Abington Bank v. Broadway Penn Mutual Office Fee

PANEPINTO, J.,

Appellant, Abington Bank (hereinafter referred to as appellant), represented by counsel, appeal this court’s order entered November 24, 2010 and docketed December 2,2010, which reversed the decision of the Philadelphia Zoning Board of Adjustment in this matter concerning hardship.

PROCEDURAL AND FACTUAL BACKGROUND

*567This matter stems from the filing of a statutory appeal on December 23, 2009 by the appellee from the zoning board of adjustment (“ZBA”) supplemental findings issued on November 24, 2009. The appellee appealed the supplemental findings on the issue of unnecessary hardship from the underlying ZBA decision that granted relief to permit the development of a high-rise residential condo building at 500-506 Walnut Street, Philadelphia, PA to the original owners, 500-506 Walnut Street Associates LP and Gagan Lakhmna “Walnut Associates” and now appellant, Abington Bank.

This case was originally from a February 23, 2006 decision of the ZBA which granted the requested variances for the building.
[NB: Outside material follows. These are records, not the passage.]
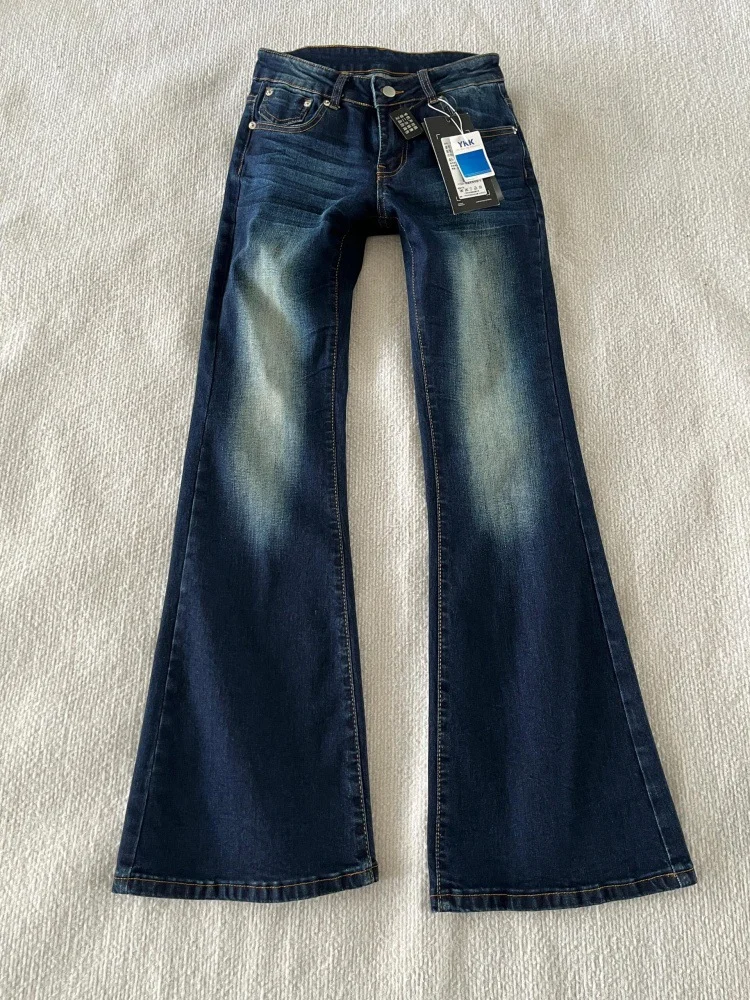 النمط الأمريكي الرجعية غسلها الدينيم الجينز تنوعا منخفضة الخصر متوهج قليلا السراويل النساء الخريف جديد مطاطا حار الفتيات السراويل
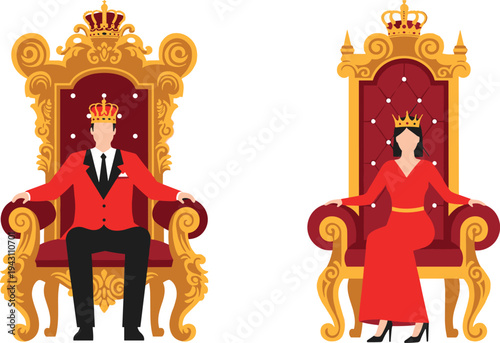 Flat Vector Illustration of a King and Queen Sitting on Golden Thrones Wearing Red Formal Attire for Success Concepts, Leadership, and Royal Family Business Branding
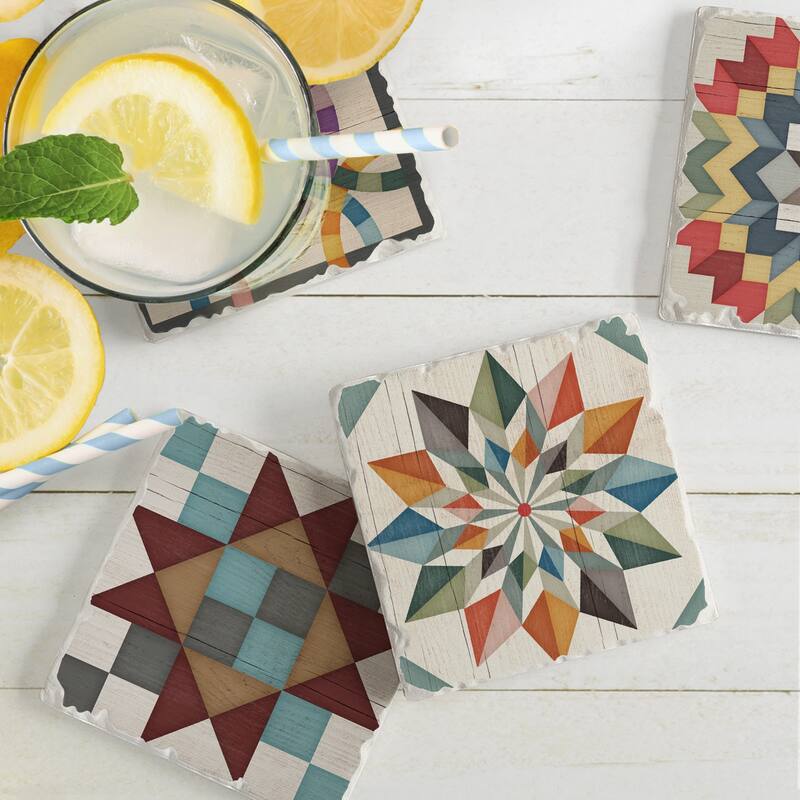 Counterart Absorbent Stone Coaster, Barn Quilt Signs, Set of 4 - 4.01x4.04
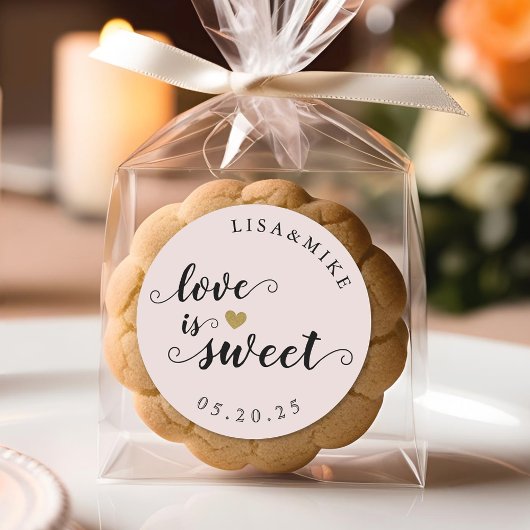 Liebe ist Sweet Custom Script Gastgeschenk Hochzei Runder Aufkleber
On October 19, 2006, Judge Glazer of the court of common pleas affirmed the ZBA decision to grant the requested relief. The decision of the court of common pleas was appealed to the Commonwealth Court by then appellants, and now appellees, on November 15, 2006 and November 17, 2006. After the July 26, 2007 decision and order of the Commonwealth Court, the court of common pleas issued an order of remand on August 31, 2007 for the sole purpose of the ZBA to issue supplemental findings, based on the existing record, to support the ZBA’s conclusion that the applicant would suffer unnecessary hardship if the requested relief was not granted. The supplemental findings of fact and conclusions of law were filed by the ZBA on November 24, 2009 and appealed to this court on December 22, 2009 under the case December Term, 02406, and December 23, 2009 under the case December Term 2009, 02803, which were later consolidated.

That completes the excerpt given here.